Is there any difference? As a non-native speaker, I sometimes have difficulty understanding the tenses. It seems to me that both are right.
Probably both are possible.
The sentences are indirect quotations, which are easiest to understand if you relate them to what was originally spoken. If what he said was "I see the accident" (he sees it as it is happening), the indirect quote corresponding is "He insisted he saw the accident", where the change from "see" to "saw", called time-shifting, is to make the verb agree in tense with the tense of "insisted".
If what he said was "I saw the accident", then there is some choice about the report of this in indirect speech. In a relatively conservative dialect like mine, the report would be "He insisted he had seen the accident", where the perfect "have" of "had seen" corresponds to the past tense of "saw" in his earlier speech, and the past tense of the "had" corresponds to the past tense of "insisted". This is sometimes called a past within a past, since the past time at which he did the seeing was previous to the past time at which the insisting took place.
In a less conservative dialect, or less formally, you get a simple past tense in the indirect quotation.
There are other cases where a logical past tense is realized as perfect "have" when the past is in a grammatical position that does not permit an ordinary morphological past tense. For instance, "He may have left" means that it is possible he left. But you can't say *"He may left" with a simple past tense, because that is not allowed after a modal auxiliary, like "may".
Both of these sentences are made up of two clauses. Formally there should be a "that" separating the clauses, although it is sometimes left out when people speak. Thus, they should look like this:
He insisted that he saw the accident.
He insisted that he had seen the accident.
It depends what 'he' said in the first place.
If he said "Hey! I see the accident!
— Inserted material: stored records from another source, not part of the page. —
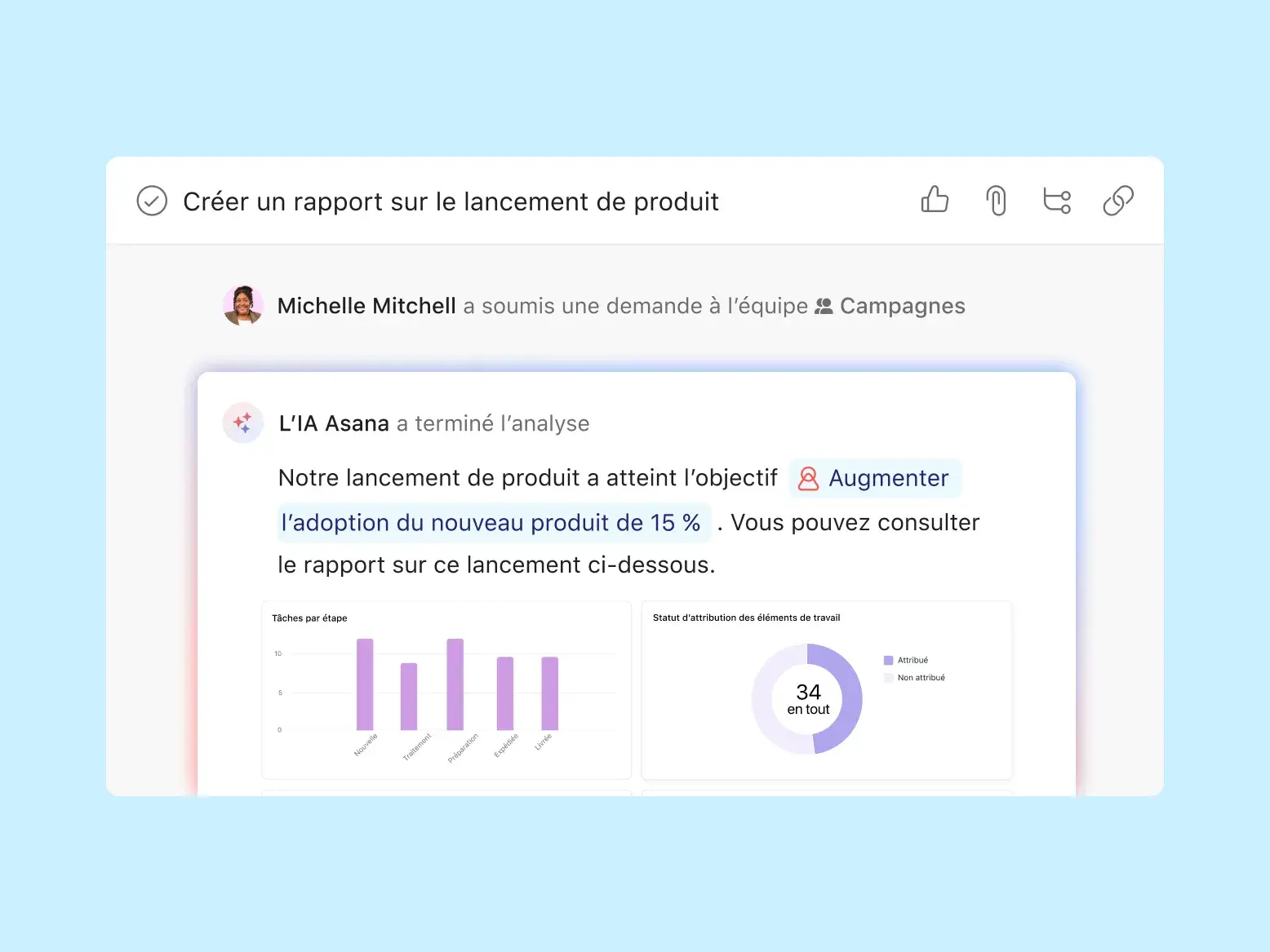 Interface de tâche Asana pour créer un rapport de lancement. Le flux montre une demande suivie d'une analyse de l'IA Asana. L'IA génère un résumé de suivi d'objectif avec des graphiques en barres et en anneau pour visualiser les données.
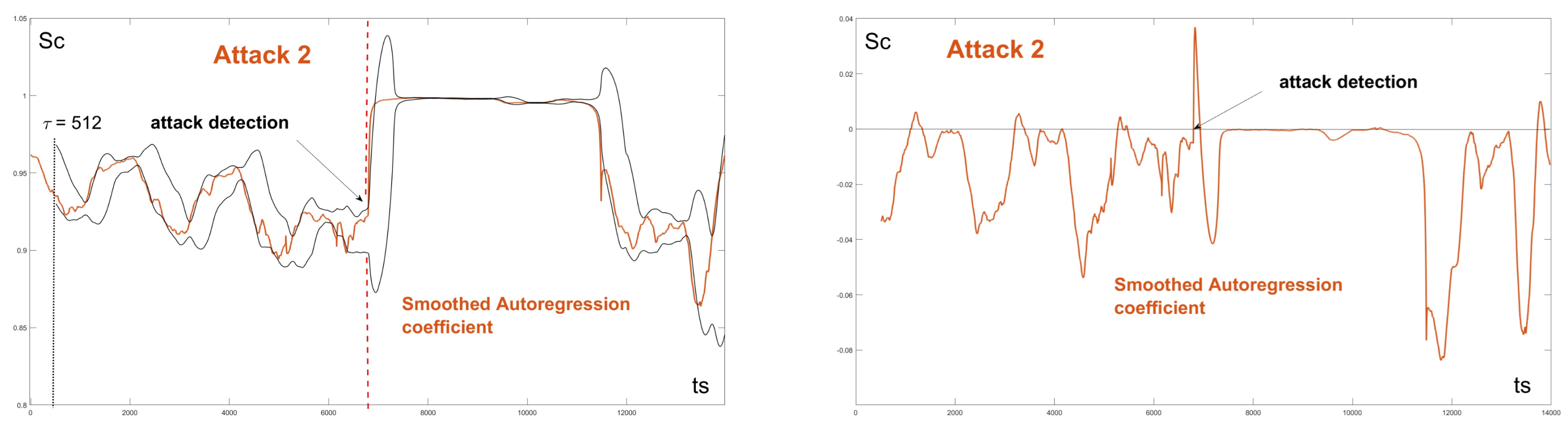 Symmetry 14 02388 g029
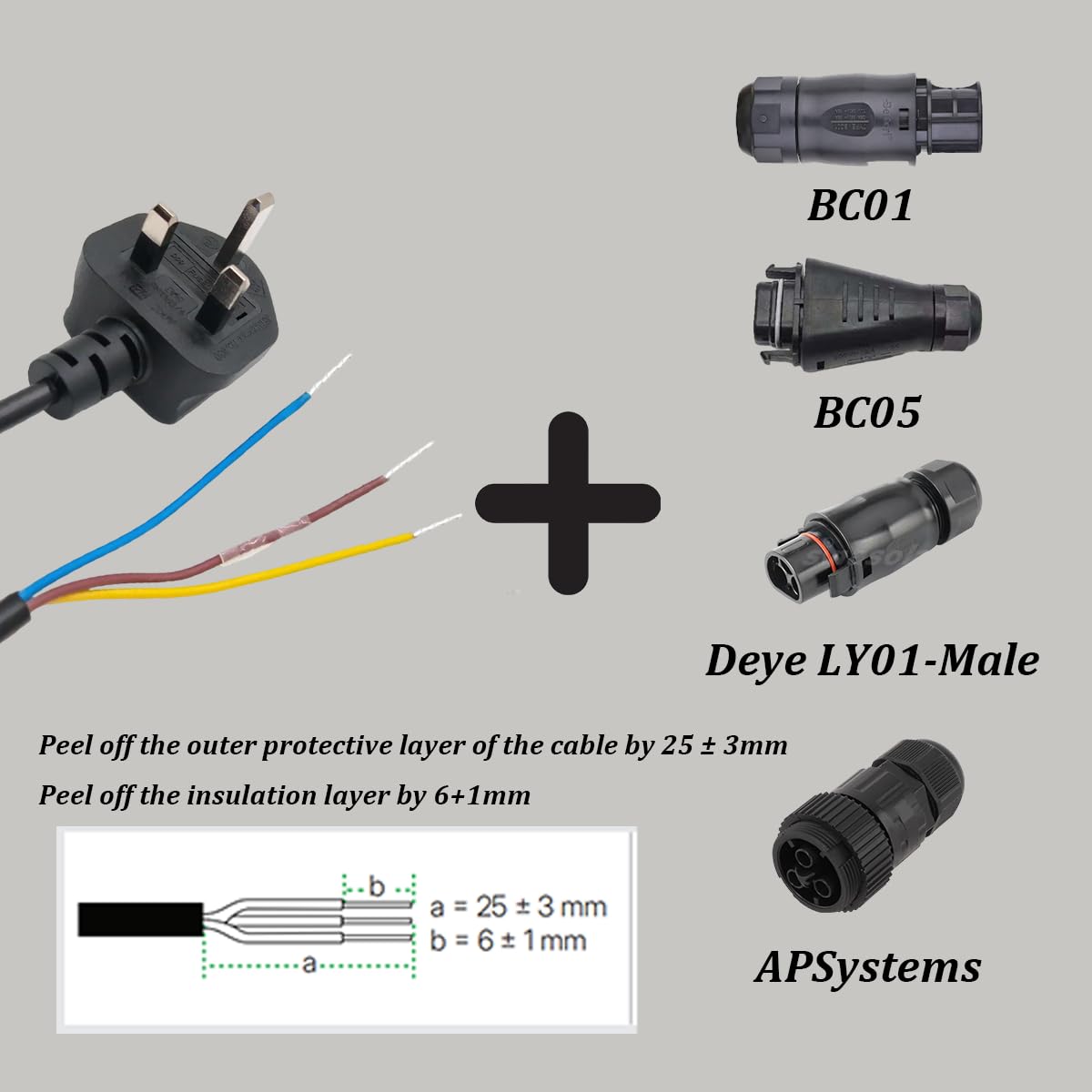 Solarsys Kabel zasilający 10 m H07RN-F 3G1,5mm² AC z 3-pinową wtyczką UK BS1363, 230V/16A, guma anty-UV, odsłonięta końcówka do instalacji solarnych/zewnętrznych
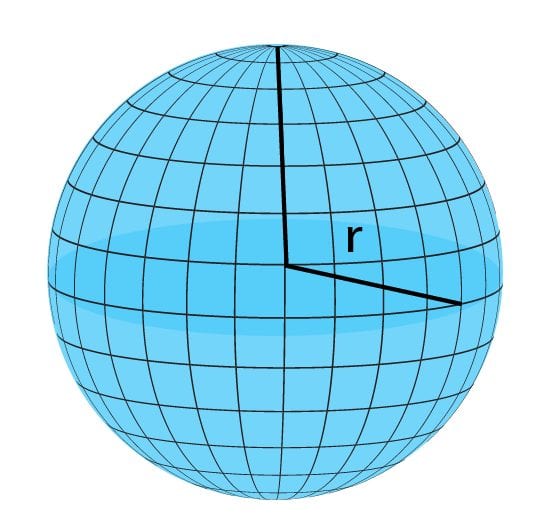 Class 9 Surface Areas and Volumes - Notes - Leverage Edu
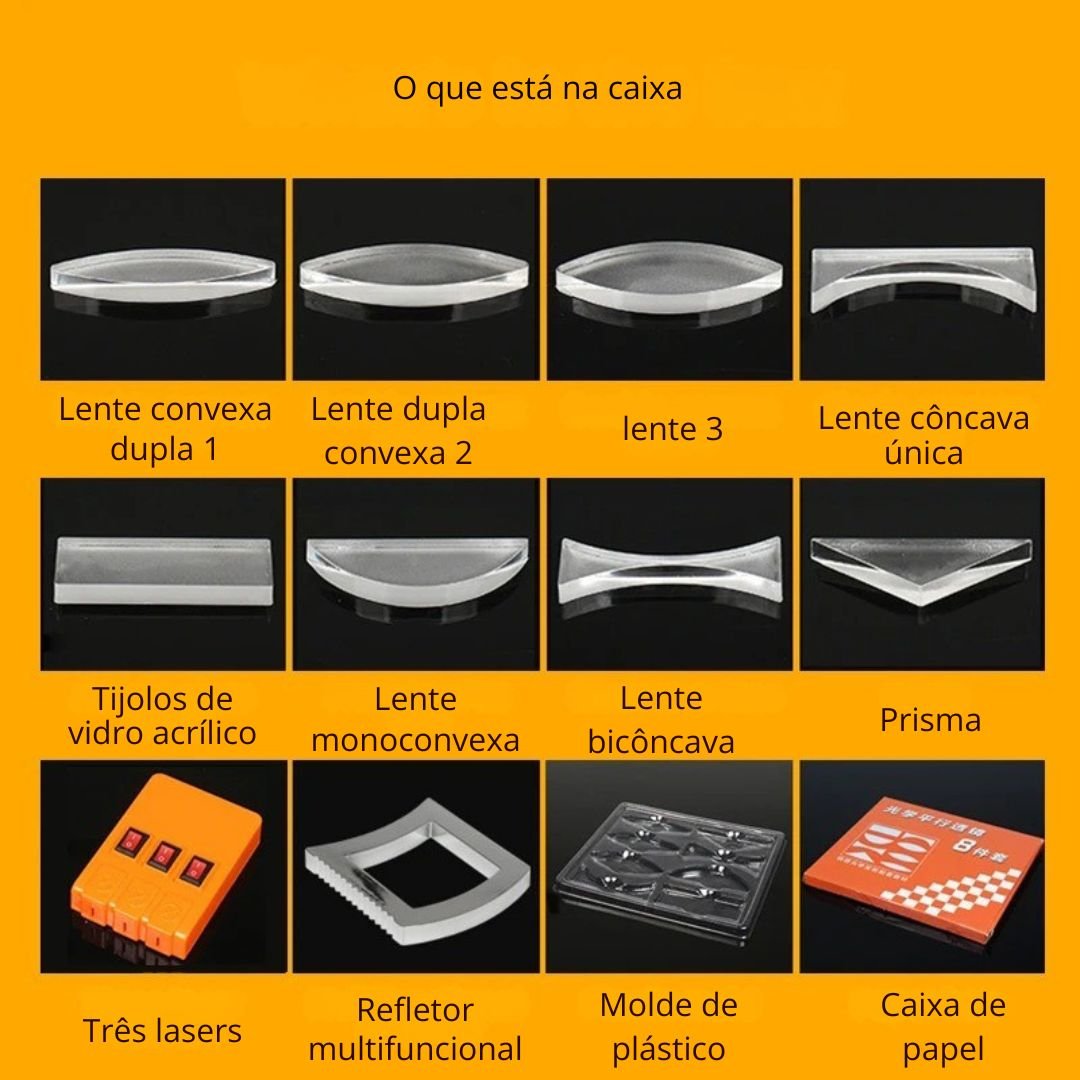 Kit Educacional de Óptica Geométrica – Experimentos de Refração e Reflexão da Luz para Ensino de Física - Cuidarte Integral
I really do!" this would be reported as "He insisted that he saw the accident" on the principle of back-shifting the tense.
If he said "Really...I saw the accident yesterday" this would be reported as "He insisted he had seen the accident".
Back-shifting the tenses, in very simple terms, means that a present simple statement is reported in past simple (because the original statement is now in the past), and a past simple statement, and pretty much everything else, gets reported in past perfect because that is basically 'the past of the past'.